Addressing the Congress parliamentary party after a long gap, Sonia expressed her frustration by lamenting that it had almost become fashionable to criticise the government. Instead of dwelling on organisational infirmities, governmental follies and political challenges, she appeared to suggest that the real problem lay in perception management.
“We must speak forcefully and with confidence on what we have achieved, and there is much we have to show despite difficult economic times. We must project our government’s many accomplishments and our ambitious legislative agenda. And we must expose the Opposition’s doublespeak and its obstructive behaviour in blocking parliamentary proceedings,” she said.
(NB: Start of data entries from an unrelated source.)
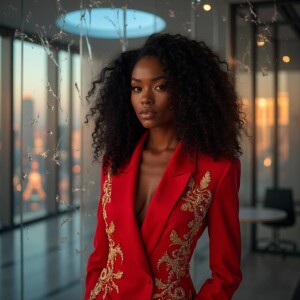 Unleashing Resilience: Empowering Black Women to Lead and Thrive - Inspired by Parise Shepherd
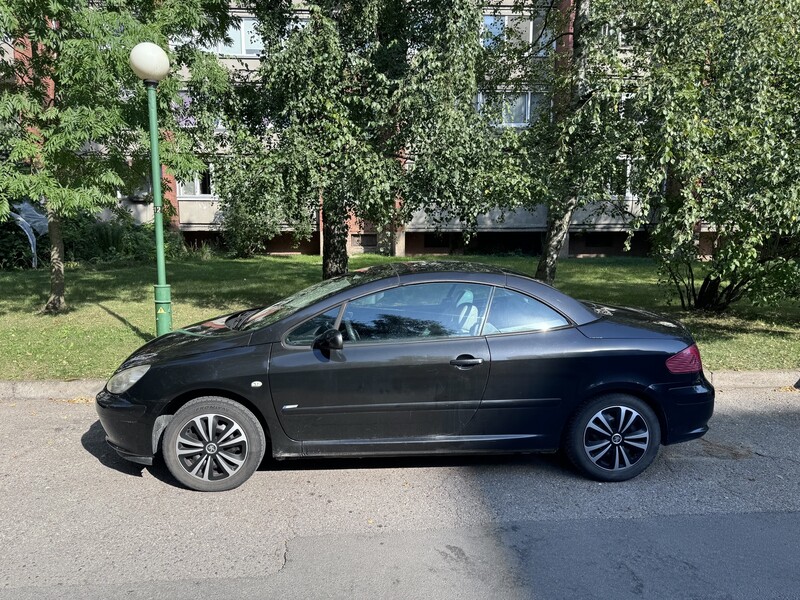 Photo 2 - Peugeot 307 CC 2005 y Convertible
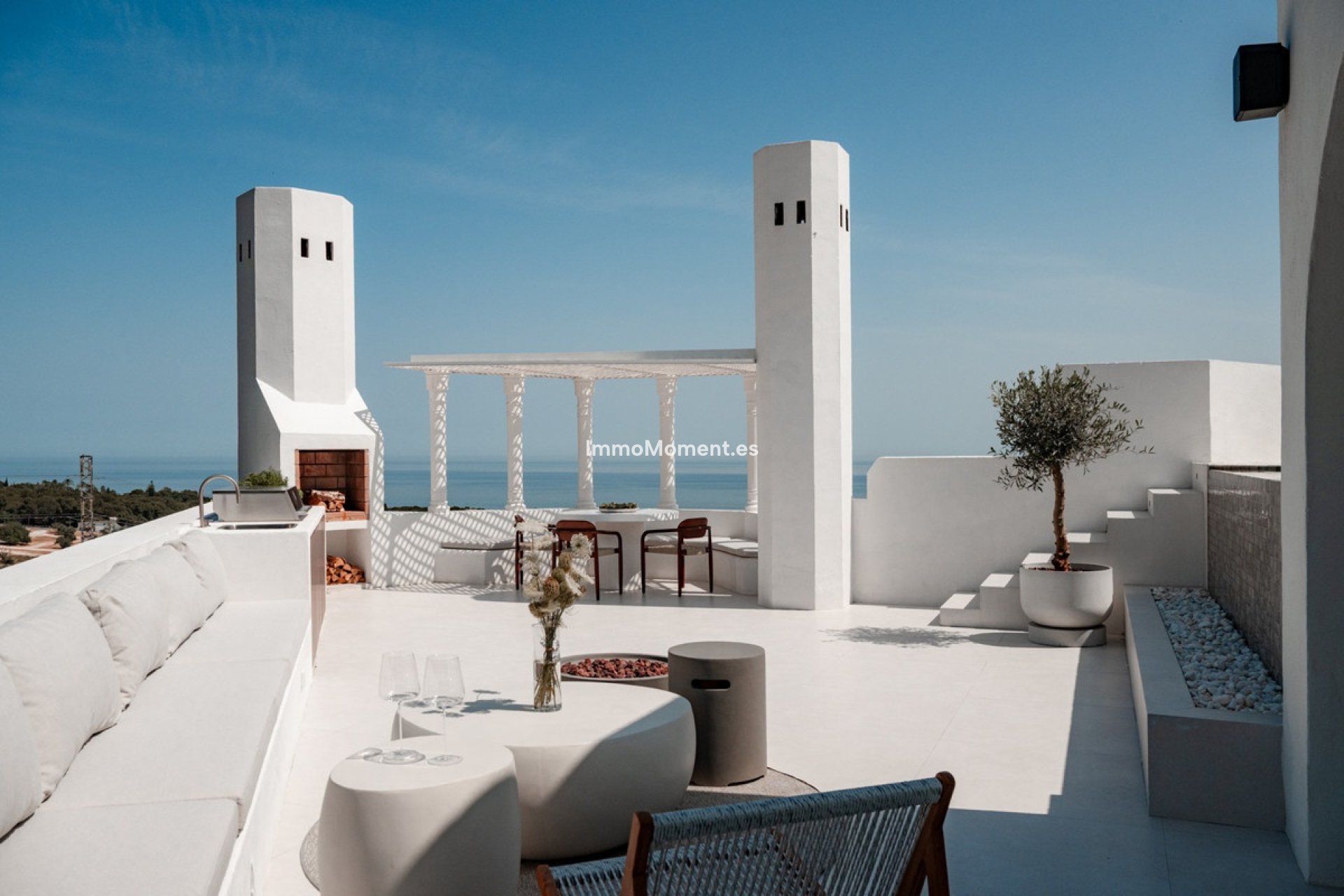 Resale - Apartment - Marbella - Nagüeles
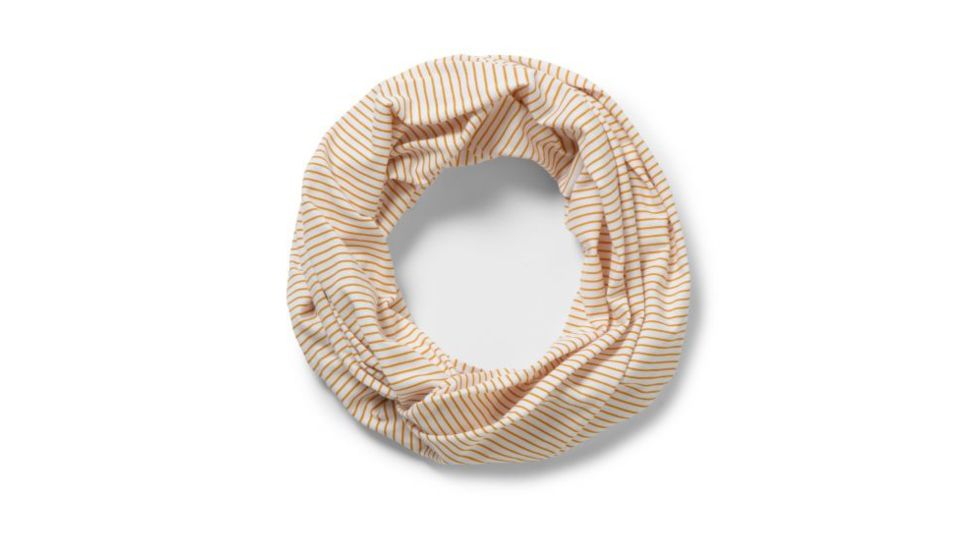 Craghoppers Nosilife Infinity Scarf  - Women's, Mango Combo, One Size CUC327   2YJ000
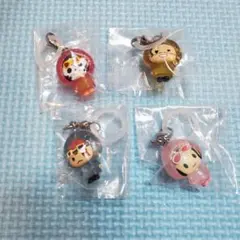４点セット　ONE PIECE POPstyle!2 めじるしアクセサリー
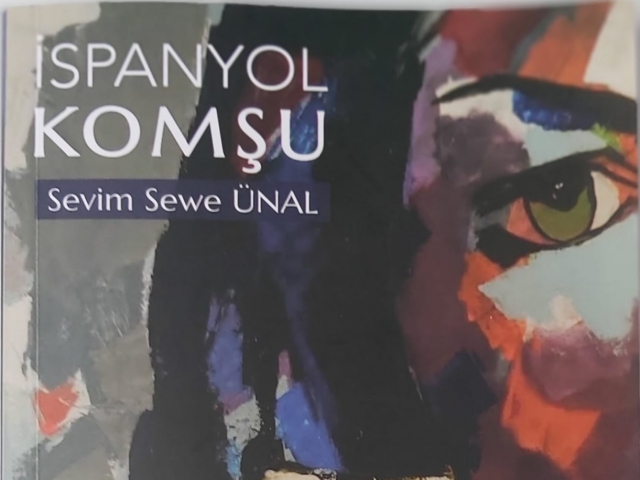 "İspanyol Komşu" imza günü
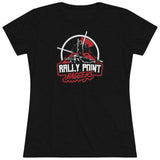 Rally Point Women's Triblend Tee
Asserting that “we must not allow the negative propaganda to deflect us”, Sonia said: “We must draw upon the lessons of the previous polls as we approach a series of state elections in the coming months. We must project our work as the central government and expose the hollow claims of Opposition-ruled state governments. Misgovernance and corruption have been widespread in some of these states as revealed by the CAG and lokayukta reports.”
So concerned is the Congress chief about the image crisis that she linked the failure to confront it to groupism in the party. She said: “Most important, we must shed all manner of factional behaviour and fight as one disciplined team at all levels. That will be the single most important factor to decide whether we win or lose. People look to us — but we need to show them our commitment if we are to convert this sentiment into electoral victories.”
Sources in the party have conceded that the image crisis has deeply troubled her for some time, particularly after the 2G scam and the Anna Hazare agitation. Her thinking has now been endorsed by the Antony committee report, which listed the inability to win the perception war as one of the main causes of decline in the party’s fortunes.